Don't forget it come with yellow dot feature so someone know which printer something was printed from and when. But this feature not in manual for you, only in FBI manual.


----------



## Valvebounce (Jul 20, 2017)

Hi Snoke. 
You're a bit late to the party on that one, this is the title for an article on this subject with details of the why and pros and cons of the situation, see the date? 
Quote,
Big brother does dot-to-dot By OUT-LAW.COM 20 Oct 2005 at 09:55
End quote. 

Cheers, Graham. 



snoke said:


> Don't forget it come with yellow dot feature so someone know which printer something was printed from and when.
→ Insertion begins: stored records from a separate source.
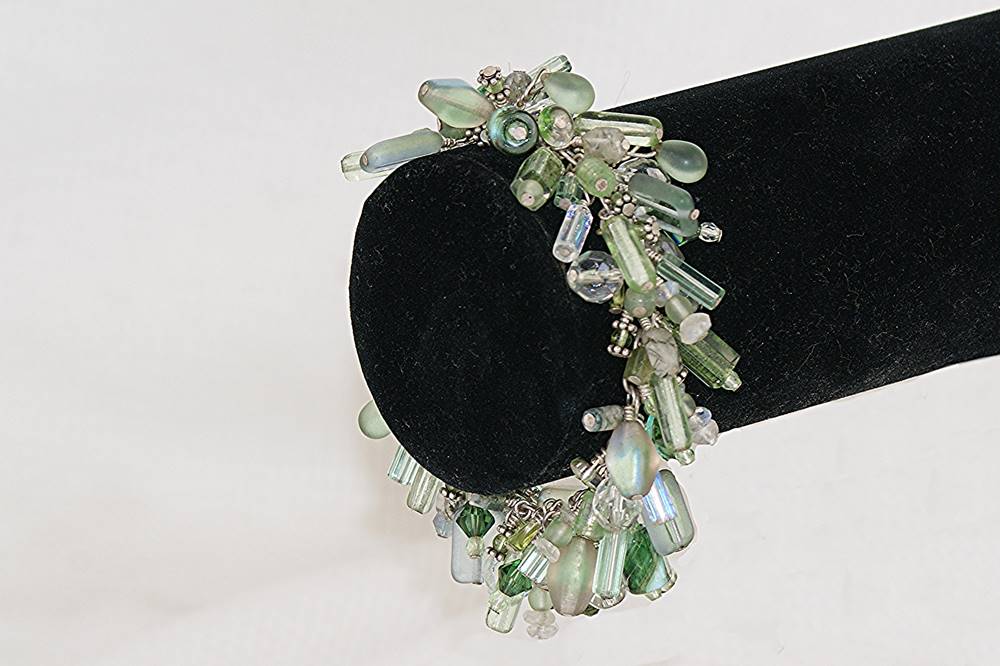 Moss agate, aventurine stone and sterling silver bracelet.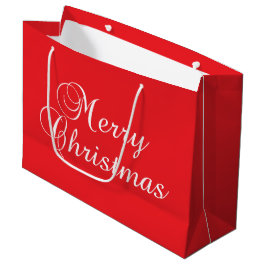 Classic Merry Christmas Calligraphy Red ラージペーパーバッグ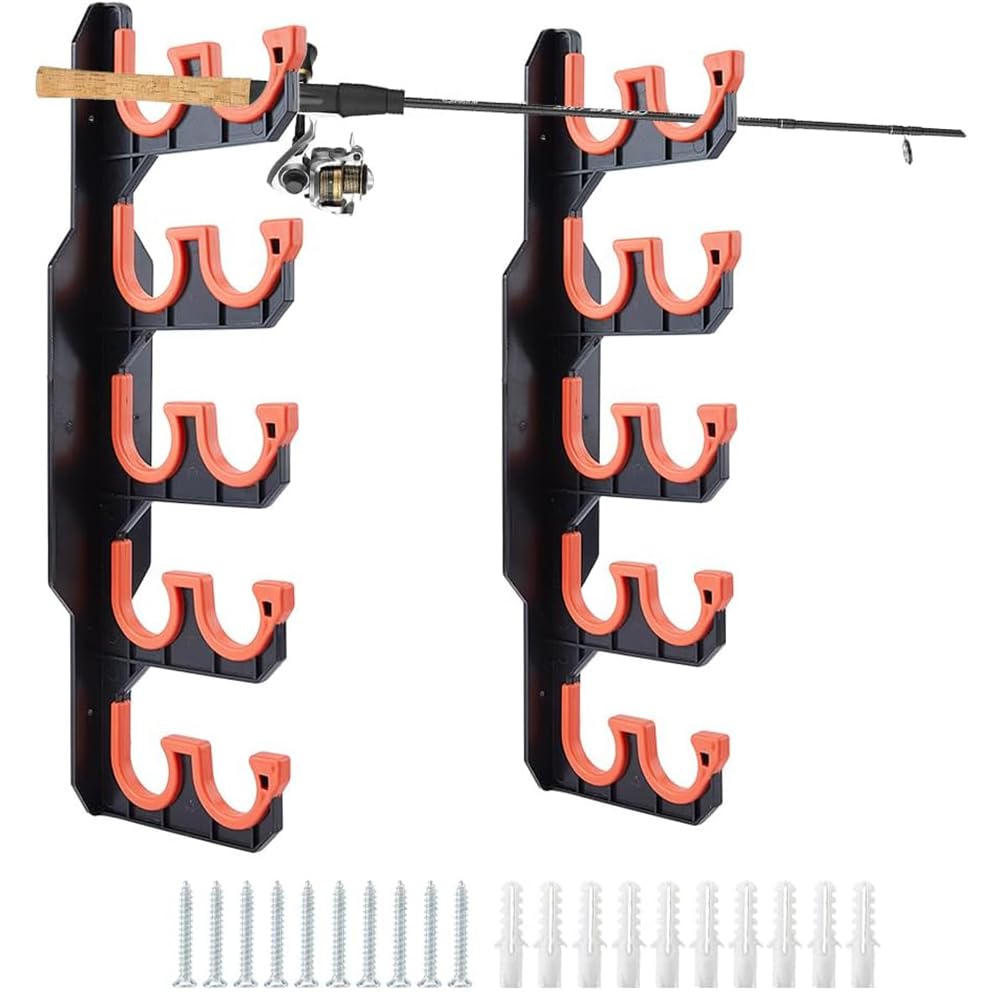 SUPERFINDINGS Fishing Rod Holder Dual-row Design Fishing Pole Holders for Garage Plastic Wall or Ceiling Mounted Fishing Rod Rack with Soft Protective Pad Holds Up to 10 Rods or Combos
But this feature not in manual for you, only in FBI manual.


----------



## keithcooper (Jul 20, 2017)

I must admit that this press release surprised me - I thought the 6000 was announced a while ago... 

Having looked at the PRO-2000 for a review in great detail,l I'd be curious as to any significant differences.

I'm inclined to think that updating the review to cover the PRO-6000 is mostly changing a few specs and any mention of 24" to 60"


----------



## LDS (Jul 20, 2017)

snoke said:


> Don't forget it come with yellow dot feature so someone know which printer something was printed from and when. But this feature not in manual for you, only in FBI manual.



Are you going to sneak out the Gerald Ford blueprints after printing them on 60" paper in full 12 inks? Or the photos of the aliens kept in Area 51?


----------



## that1guyy (Jul 21, 2017)

That's weird. I saw this same printer in our office the other day. They were bringing it in. How did they get it early??


----------



## Jopa (Jul 22, 2017)

I would buy it if I print money.


----------



## HarryFilm (Jul 24, 2017)

snoke said:


> Don't forget it come with yellow dot feature so someone know which printer something was printed from and when. But this feature not in manual for you, only in FBI manual.



----

Download the printer BIOS to a memory card and use an assembler
to blank out the code that prints the dot pattern. I've done it with 
all my printers. YES! I am an EXPERT assembler coder, (i.e. BIOS 
and CPU/GPU Machine code-level programming) but it can be done 
with MANY printers on a fairly easy basis. You can ALSO completely 
replace the RIP (Raster Image Processor) chip used by many
high end printers such as this since in SOME higher end systems 
its hardcoded into the chip or a ROM-BIOS. Just Desolder from the 
motherboard and put in another compatible chip. They're usually 
Texas Instruments DSP chips or ARM-based SOC chips. 

IT'S NOT THAT HARD TO DO! No More Yellow Dots!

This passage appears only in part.